**** DATA ****
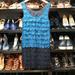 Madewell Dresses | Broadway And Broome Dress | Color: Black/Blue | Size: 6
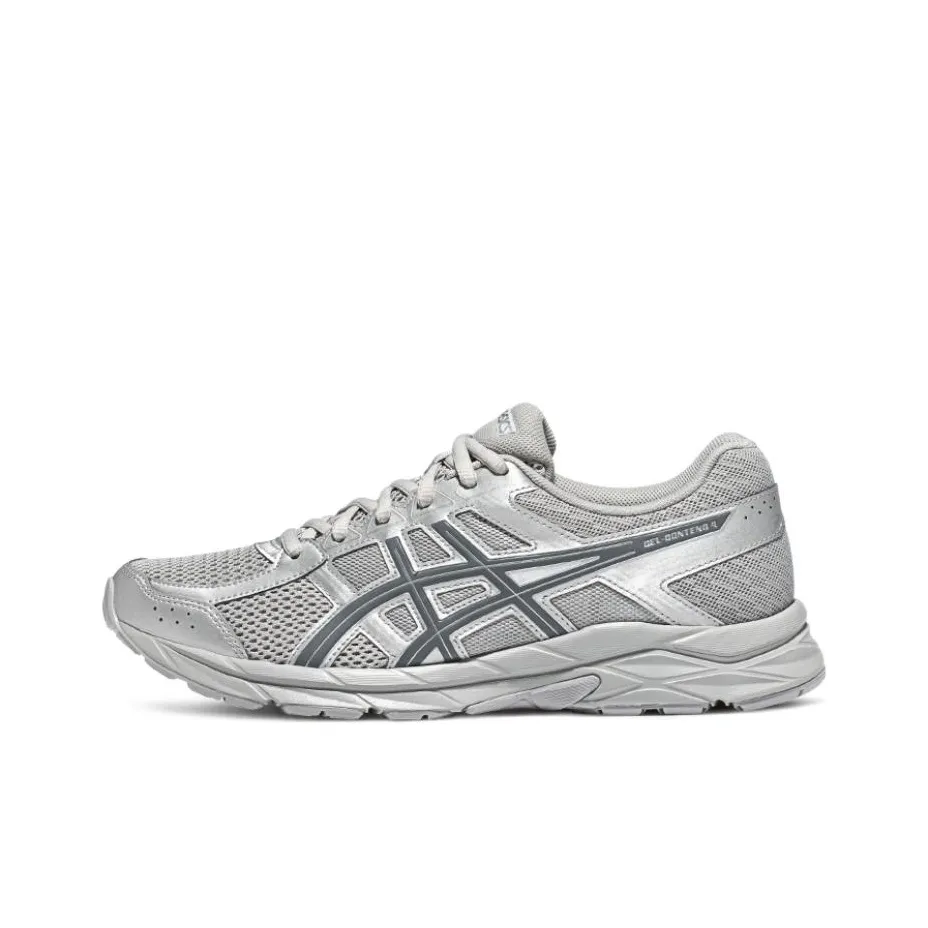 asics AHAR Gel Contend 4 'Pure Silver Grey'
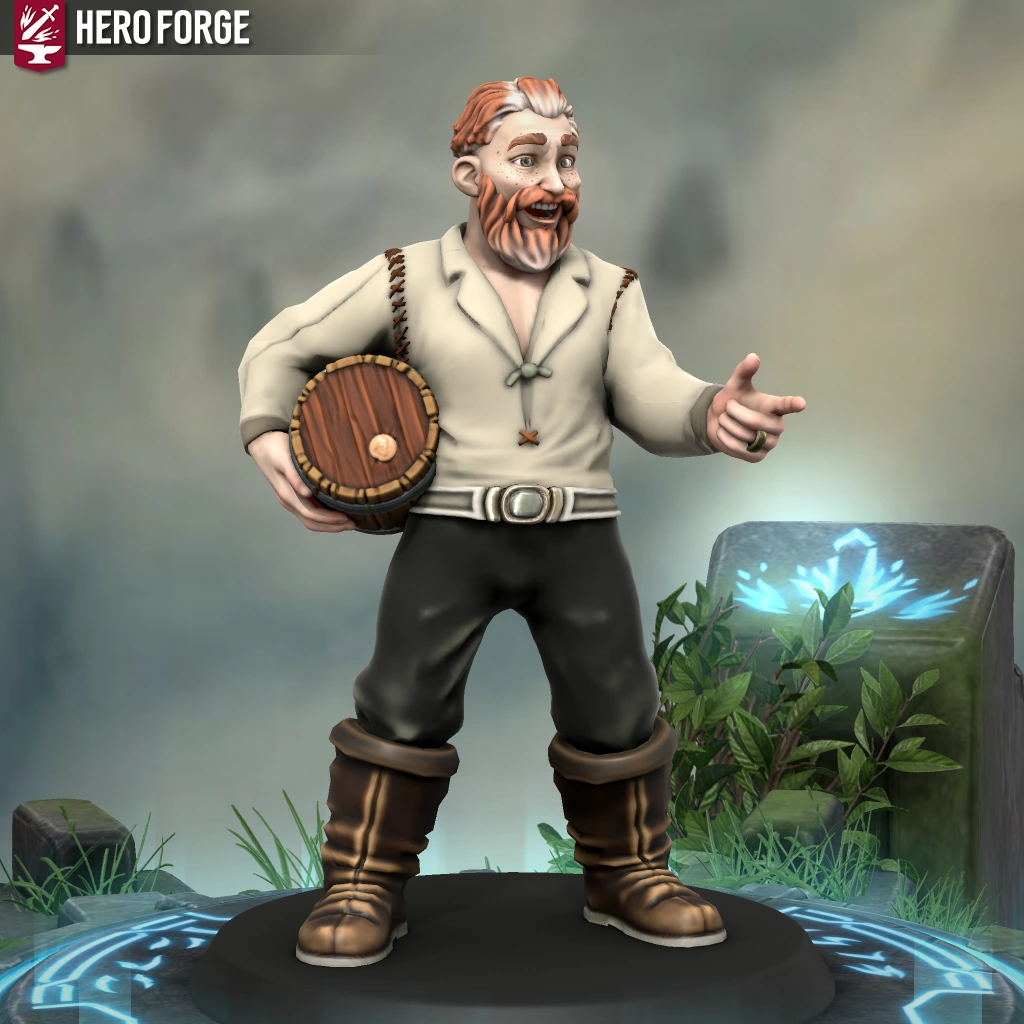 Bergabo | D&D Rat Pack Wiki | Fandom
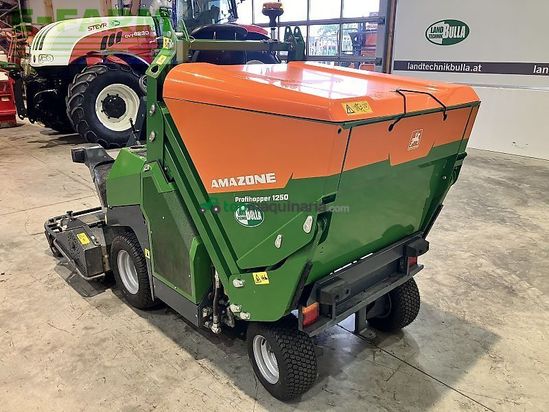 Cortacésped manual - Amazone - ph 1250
****
INSTRUCTIONS TO FOLLOW:
Without the pictures, write out the whole listing above exactly as it appears.

WRITTEN ANSWER:
 Madewell Dresses | Broadway And Broome Dress | Color: Black/Blue | Size: 6
 asics AHAR Gel Contend 4 'Pure Silver Grey'
 Bergabo | D&D Rat Pack Wiki | Fandom
 Cortacésped manual - Amazone - ph 1250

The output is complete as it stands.